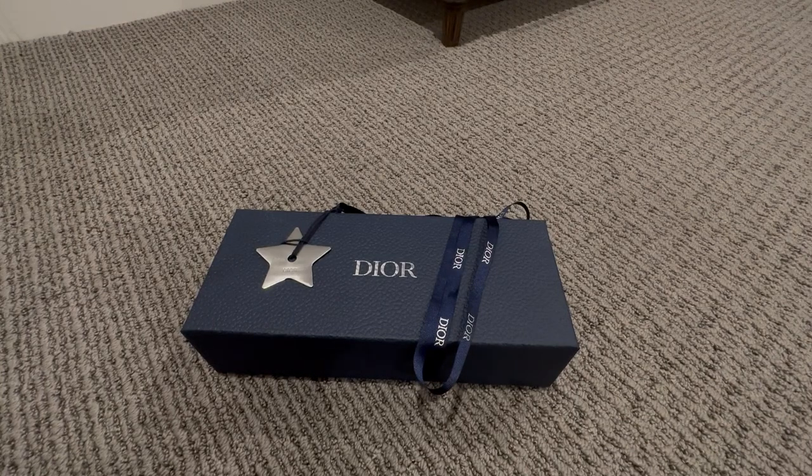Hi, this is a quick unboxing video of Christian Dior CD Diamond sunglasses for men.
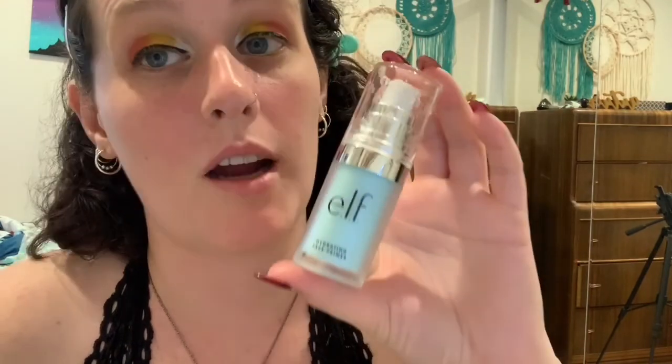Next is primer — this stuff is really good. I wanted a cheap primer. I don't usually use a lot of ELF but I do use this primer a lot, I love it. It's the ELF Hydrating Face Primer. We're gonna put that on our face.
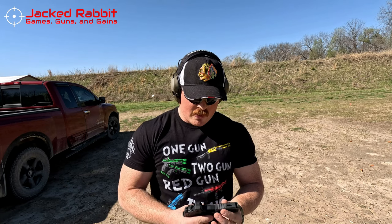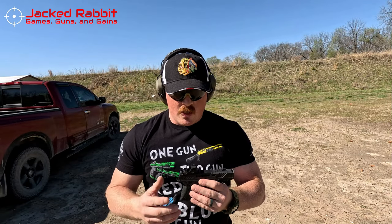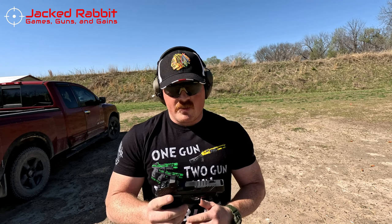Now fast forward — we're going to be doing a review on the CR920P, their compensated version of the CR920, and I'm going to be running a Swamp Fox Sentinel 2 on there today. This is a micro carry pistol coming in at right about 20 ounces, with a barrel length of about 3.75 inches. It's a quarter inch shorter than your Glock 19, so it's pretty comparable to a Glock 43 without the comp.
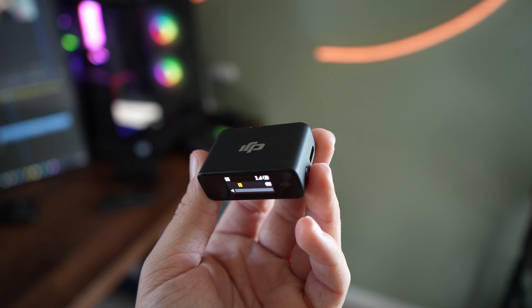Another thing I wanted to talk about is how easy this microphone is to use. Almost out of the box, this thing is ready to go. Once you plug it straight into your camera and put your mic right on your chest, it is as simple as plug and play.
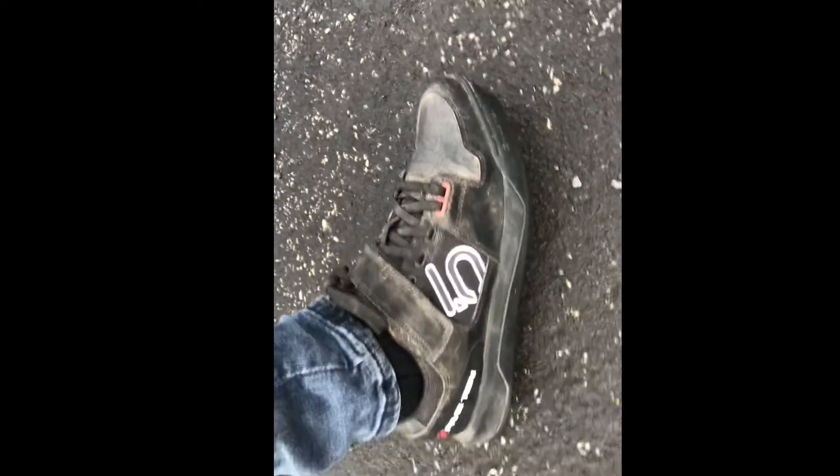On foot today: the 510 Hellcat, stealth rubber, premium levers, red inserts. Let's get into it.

+ + + +

DIRECTIONS -
The pictures should be dropped, and every line above should be set down again exactly.

SOLUTION FOR THIS EXERCISE -
Hi, this is a quick unboxing video of Christian Dior CD Diamond sunglasses for men.
Next is primer — this stuff is really good. I wanted a cheap primer. I don't usually use a lot of ELF but I do use this primer a lot, I love it. It's the ELF Hydrating Face Primer. We're gonna put that on our face.
Now fast forward — we're going to be doing a review on the CR920P, their compensated version of the CR920, and I'm going to be running a Swamp Fox Sentinel 2 on there today. This is a micro carry pistol coming in at right about 20 ounces, with a barrel length of about 3.75 inches. It's a quarter inch shorter than your Glock 19, so it's pretty comparable to a Glock 43 without the comp.
Another thing I wanted to talk about is how easy this microphone is to use. Almost out of the box, this thing is ready to go. Once you plug it straight into your camera and put your mic right on your chest, it is as simple as plug and play.
On foot today: the 510 Hellcat, stealth rubber, premium levers, red inserts. Let's get into it.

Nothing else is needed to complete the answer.